Regulation is evolving - but criminals move faster
Regulators are actively working to understand how AI should be governed within financial services. However, the pace of technological change means regulatory frameworks are often developed iteratively, addressing specific use cases such as onboarding verification or transaction monitoring before broader standards emerge.
This can result in a form of regulatory “patchwork”, where guidance evolves gradually as new risks become better understood.
Initiatives such as regulatory sandbox environments are helping bridge this gap, providing controlled spaces where financial institutions and technology providers can test new approaches and share insights with regulators.
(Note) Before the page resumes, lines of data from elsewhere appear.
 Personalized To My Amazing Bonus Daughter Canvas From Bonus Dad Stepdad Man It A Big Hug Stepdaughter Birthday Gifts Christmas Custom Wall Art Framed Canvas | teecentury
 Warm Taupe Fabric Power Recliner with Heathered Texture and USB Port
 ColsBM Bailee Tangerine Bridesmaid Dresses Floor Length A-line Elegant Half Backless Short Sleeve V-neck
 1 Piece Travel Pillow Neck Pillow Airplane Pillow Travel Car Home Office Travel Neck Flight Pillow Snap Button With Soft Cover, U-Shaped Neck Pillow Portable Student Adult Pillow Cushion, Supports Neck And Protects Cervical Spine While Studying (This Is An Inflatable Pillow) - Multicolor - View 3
This collaborative approach is critical. Explainability, auditability, and human oversight remain essential when deploying AI within AML and fraud prevention frameworks. Firms must be able to demonstrate not only that controls are effective, but also how decisions are reached.
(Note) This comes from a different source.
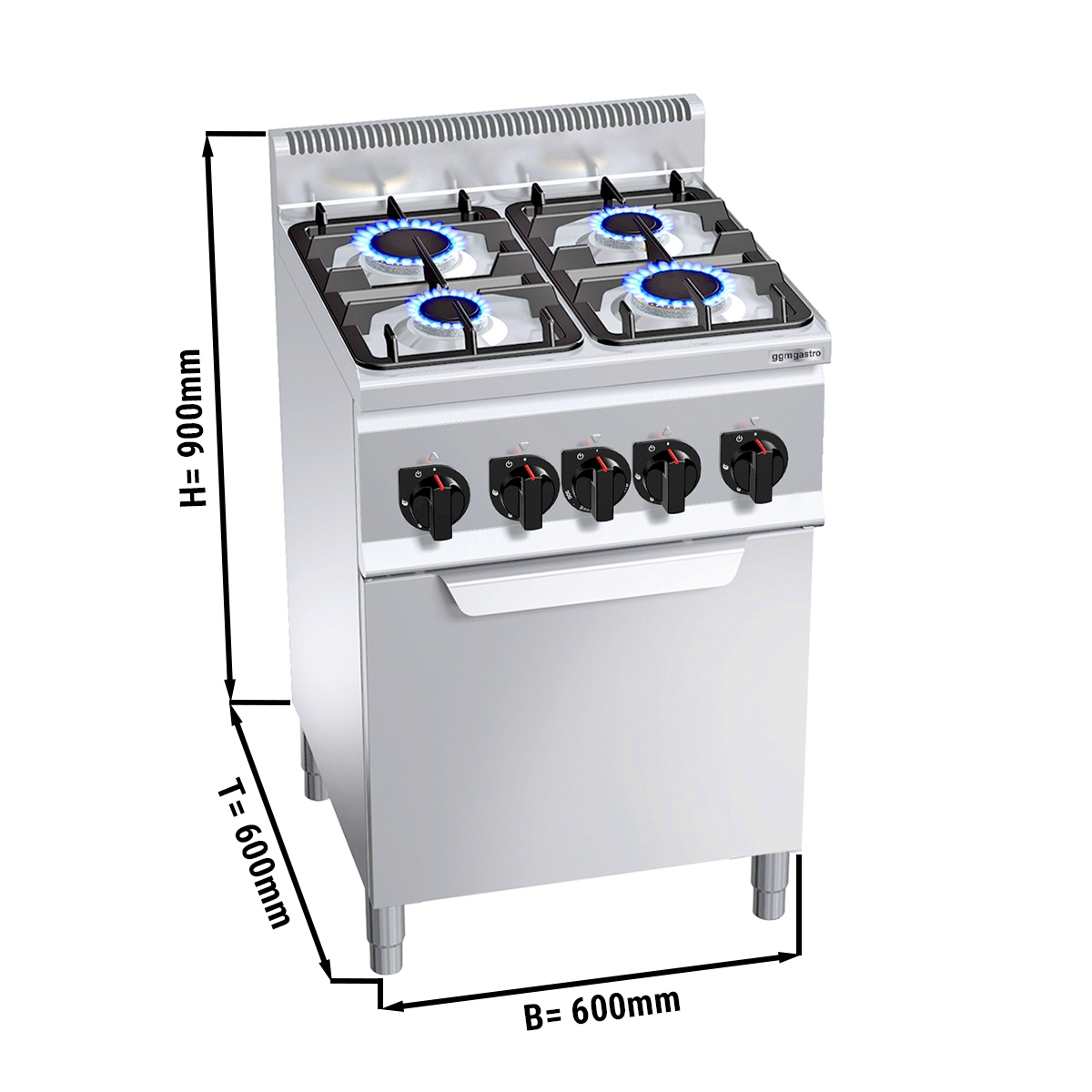 Gas stove 4xburner (12,4 kW) + Electric convection oven (3 kW)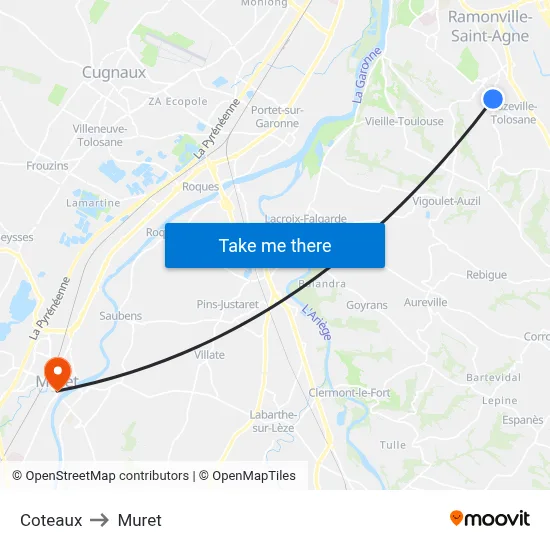 Coteaux to Muret map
Closing the gap through structural and cultural change
Many organisations still rely on batch-based monitoring, fragmented case management processes, or infrequent rule updates, limiting their ability to respond dynamically to emerging fraud patterns.
Effective fraud prevention increasingly depends on real-time intelligence, continuous model tuning, and integrated data frameworks that allow institutions to detect suspicious activity earlier in the lifecycle.
However, technology alone will not solve the problem. Organisations must also embed an AML-first culture, ensuring financial crime prevention is considered at the design stage of products, workflows, and customer journeys.
Collaboration across financial institutions, regulators, fintech providers, and law enforcement agencies will be essential to improving intelligence sharing while maintaining appropriate safeguards around data privacy.
Turning compliance into capability
Fraud has evolved far beyond isolated phishing attempts. It is now a persistent, technology-enabled threat that requires coordinated structural and cultural change across the financial ecosystem.
Institutions that invest in modern RegTech infrastructure, AI-enabled AML controls, and collaborative intelligence-sharing frameworks will be better positioned to protect customers while maintaining competitive digital experiences.
Rather than viewing AML purely as a regulatory obligation, forward-looking organisations are recognising its role in building trust, enabling digital growth, and strengthening operational resilience.
Fraud may be scaling rapidly, but so too can our ability to prevent it. With the right combination of technology, collaboration, and cultural alignment, Building Societies and other financial institutions can move from reactive defence to proactive protection - reducing risk while improving customer confidence in the digital financial system.
Those who act early will not only reduce exposure to financial crime but help shape a more secure and resilient future for the UK financial services sector.